Discussion in 'The Bench' started by johnriv67, Mar 24, 2021.

  1. johnriv67

    johnriv67 Well-Known Member

    Hey all, I'm making good headway on my 1965 Olds F85 with a 496 BBC. I have this car relatively mechanically sorted, and bought this AFR gauge as insurance to prevent the nitrous shot from melting an engine. So, until the engine is AFR tuned to the top, I'll be holding off on spray. But first I need to get it there. So here goes...

    https://www.v8buick.com/index.php?threads/1965-olds-f85-“snowflake”.364098/

    Holley 850 cfm Double Pumper, 1851 or something

    First Run:
    Idle Afr- 14.1:1
    Part Throttle Cruise- 12.0:1
    Couldn't safely ease into the throttle to full without seeing 17:1 +
    Primary jets: 80 Secondary Jets: 82
    Primary power valve: 4.5" Secondary power valve: 3.5"

    New setup to test:
    Primary jets: 76 Secondary jets: 84 (or higher?)
    Power valves the same
    No squirter change yet

    Anyone have any tuning advice on what to shoot for? Remove power valves? I've never done a Holley, so what's up?
     
  2. DasRottweiler

    DasRottweiler -BuickAddict-

    High numbers are lean, lean= nfg
    Don't be too concerned with idle numbers that are really fat, 10 or even lower. WOT numbers are your priority.
    Shoot for 11-13ish, no higher.
    Connect a vacuum gauge to ported manifold vacuum and adjust your four corner idle mix to attain the highest vacuum numbers ya can first , then adjust your idle rpm. Be good to know how much vacuum your motor/ cam combo is making. Then you can move onto Air Fuel Ratio adjustment via jet changes.
    Run the numbers on that carb and post them. Someone will have the book with it's specifications. Be nice to know what jets it was born with. Get a jet kit and a jet screwdriver. Most 4150s with dual power valves run the jets square, that is same front to back. Those with a PV in the Primary Metering and not in the Secondary usually run 8-10 jet sizes larger in the rear. I think you are going the wrong way with your second setup.
    17 is way too lean , in my opinion.....
    JIM
     
    Last edited: Mar 24, 2021
  3. Bens99gtp

    Bens99gtp Well-Known Member

    I would agree. Lean at 17.....I think dual pv complicates thing alot. As stated. Pv add enrichment of about 8-10 jet sizes.
    I think you will want you pv adding fuel a little earlier too..........I dont know how big of cam your 496 has.......but most carbs do will with a 6.5 up front and non in the rear. 82/90 jets is a decent start.
    Make sure you pump arms move exactly with the throttle......sometimes there is too much space in them causes a delay and lean bog....

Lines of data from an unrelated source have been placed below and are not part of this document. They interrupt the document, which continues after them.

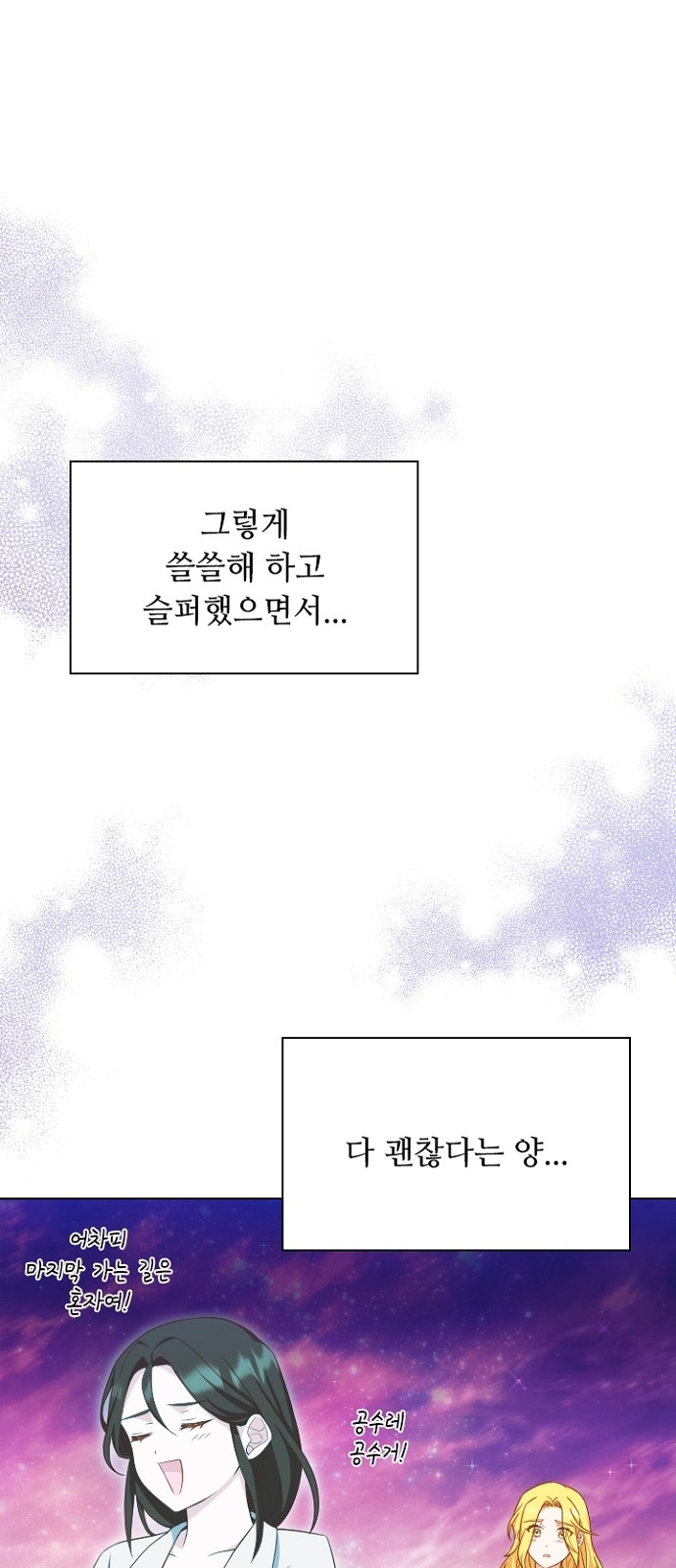 His Majesty's Proposal (A Night With the Emperor) - Chapter 25 - Page 63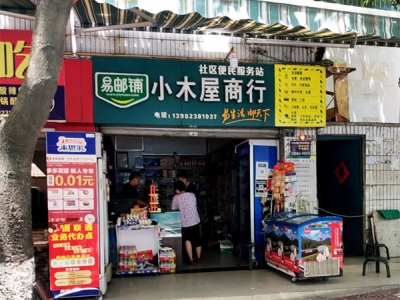 小木屋商行相册
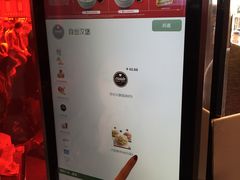 -麦当劳(新王府井店)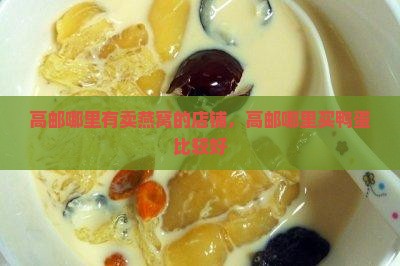 高邮哪里有卖燕窝的店铺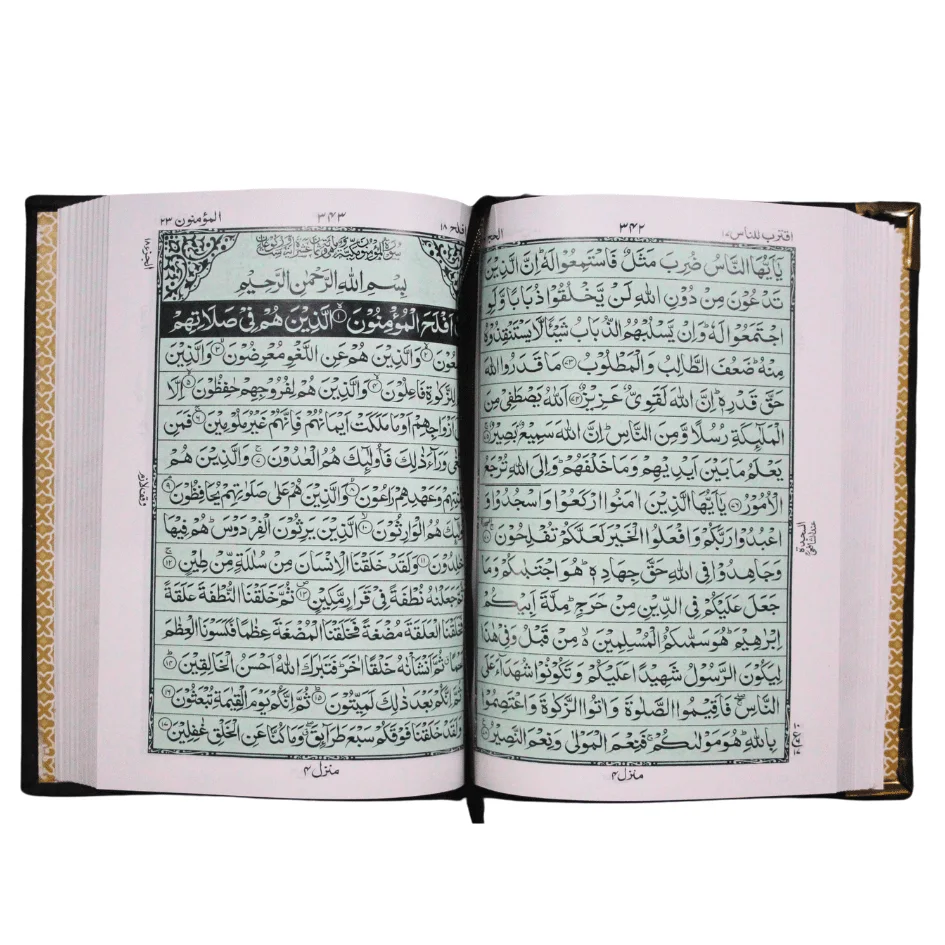 Holy Quran(15 Line Hafizi) Hilal Silk Purple With Box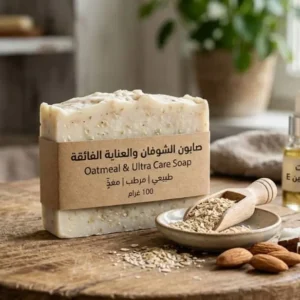 Natural Oatmeal Soap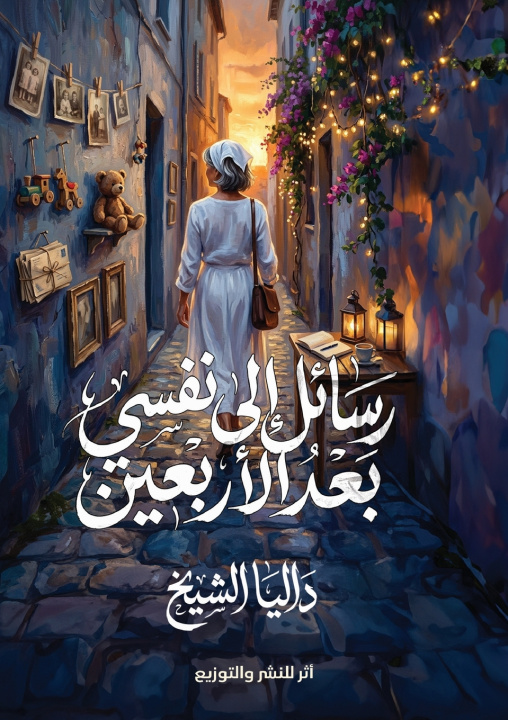 Könyv رسائل إلى نفسي بعد الأربعين داليا الشيخ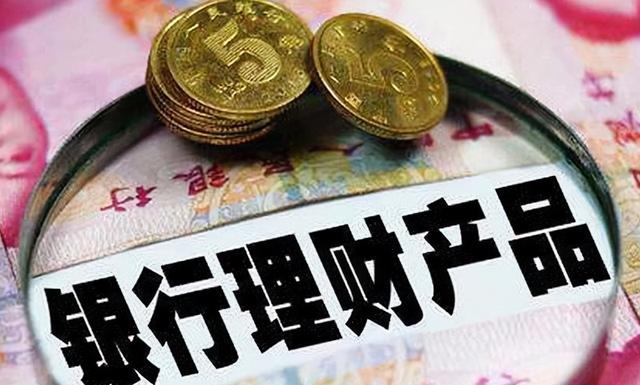 20万元存银行,月付息1080元,值得存吗?大家怎么看呢?
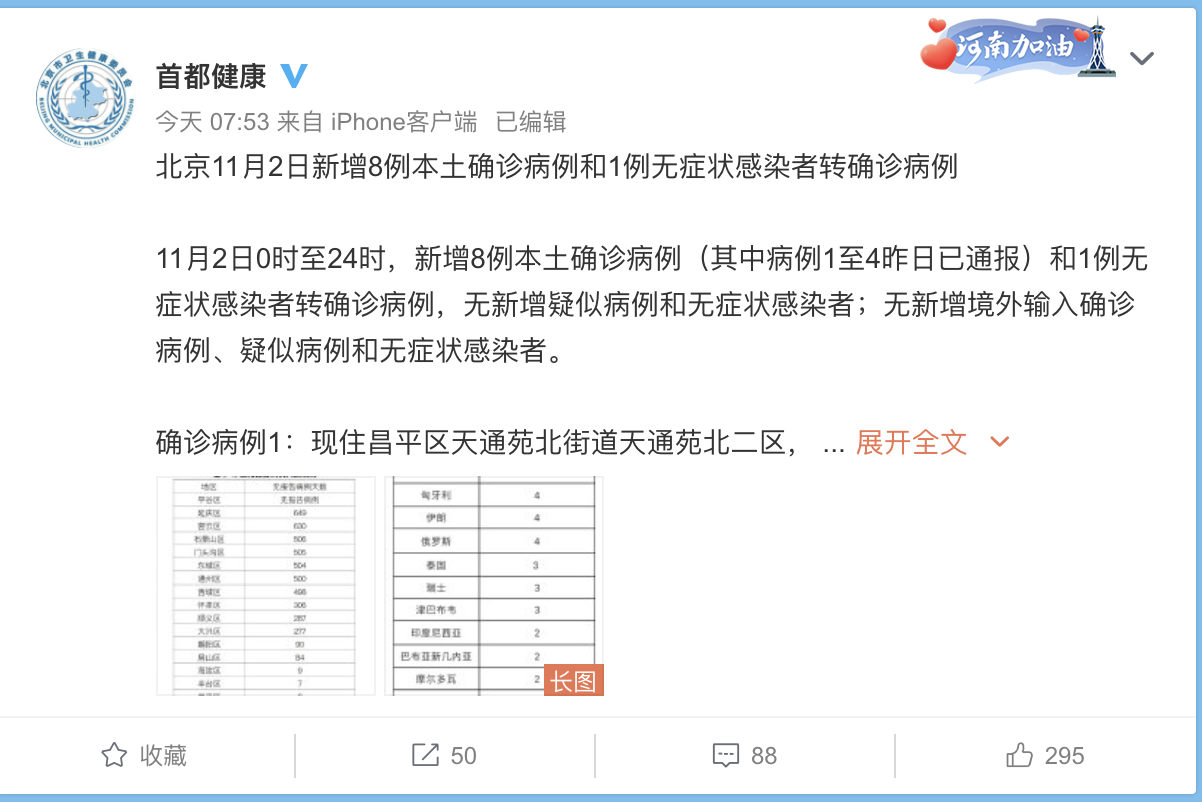 無癥狀病例最新觀察，戰(zhàn)線悄然變化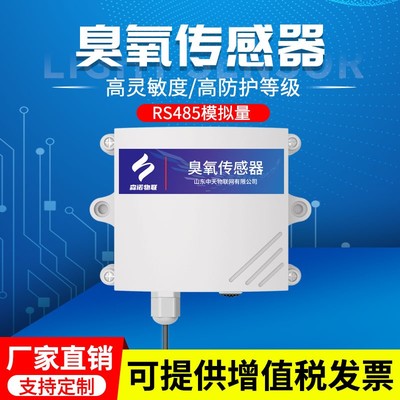 臭氧传感器在线O3变送器气体浓度检测变电站有害气体检测仪RS485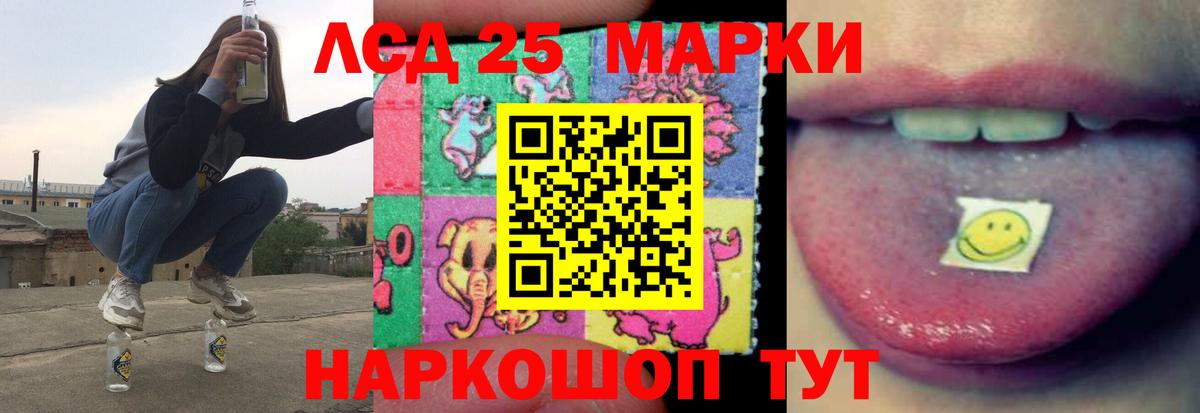 Торжок  Лсд 25 экстази ecstasy  Вход с VPN 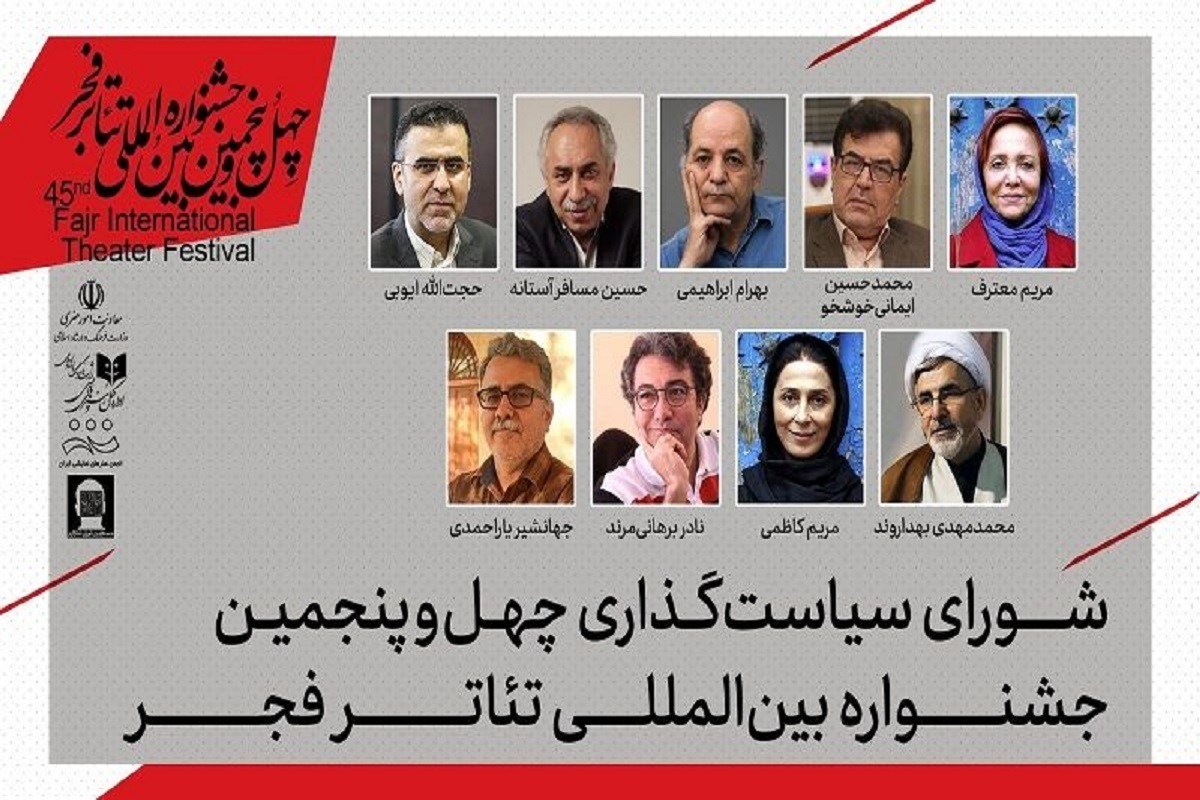 معرفی اعضای شورای سیاستگذاری چهل‌وپنجمین جشنواره تئاتر فجر ۱۴۰۵
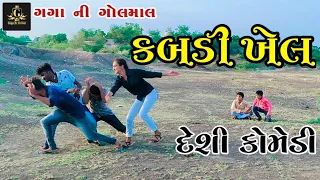 Kabdi Khel | કબડી ખેલ | New Gujrati Comedy | Deshi Comedy | Gaga Ni Golmal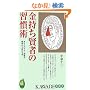 ���������҂̏K���p----���Ȃ��̃}�l�[���o�����ꂩ��ς��{ (KAWADE���V��)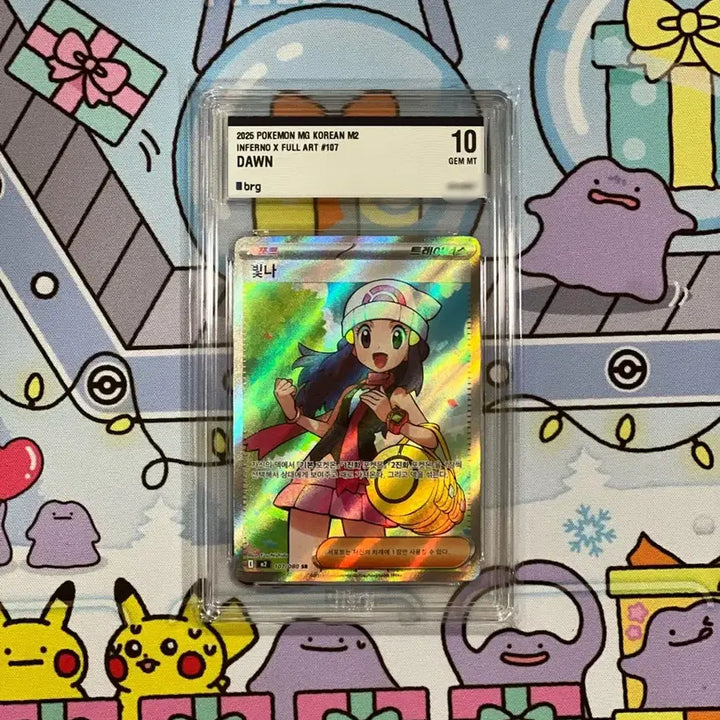[BUNJANG] Shining Raina SR Card (Inferno X) BRG10 Graded / 이번주만 5.8! 포켓몬카드 빛나 SR brg10 팝니다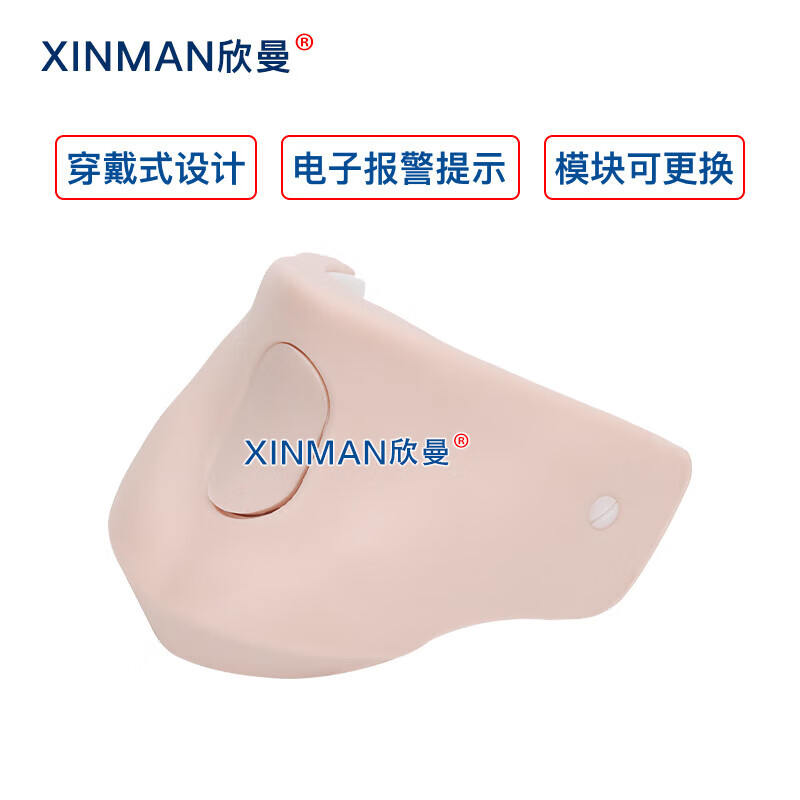 欣曼科教 穿戴式战救技能模拟训练组合模块 血气胸穿刺 环甲膜穿刺 腹腔穿刺 膀胱穿刺XM-ZSM5A高清大图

    What fuel are you running through this.....what is your timing set
     
  4. johnriv67

    johnriv67 Well-Known Member

    Thanks Jim, the engine combo makes 8” of vacuum at 1000 rpm. Idles at 900-950 warm. I have manual brakes. I did look up the carb number before and believe it was born with squared 80s and a 6.5 power valve. Cruising at 45 mph had the carb down in the 12.0:1 afrs, which is certainly too rich for cruise. I’m now aiming for around 13.2-13.5.
     
  5. johnriv67

    johnriv67 Well-Known Member

    I’ll probably just remove the rear one and plug it at this rate. The cam makes 8” of vacuum at 1000 rpm. Pump arms are tight, but not too tight. Fuel is 93 on the street, probably a 50/50 blend of 110 at the track, or just straight 110. Timing is locked at 34*
     
  6. CJay

    CJay Supercar owner Staff Member

  7. Bens99gtp

    Bens99gtp Well-Known Member

    So with 8" of vacuum at idle the cam has some overlap. A pv around 4 or 3.5 should be close.

    I assume this still has progressive linkage

    What cc pump and squirters are you using?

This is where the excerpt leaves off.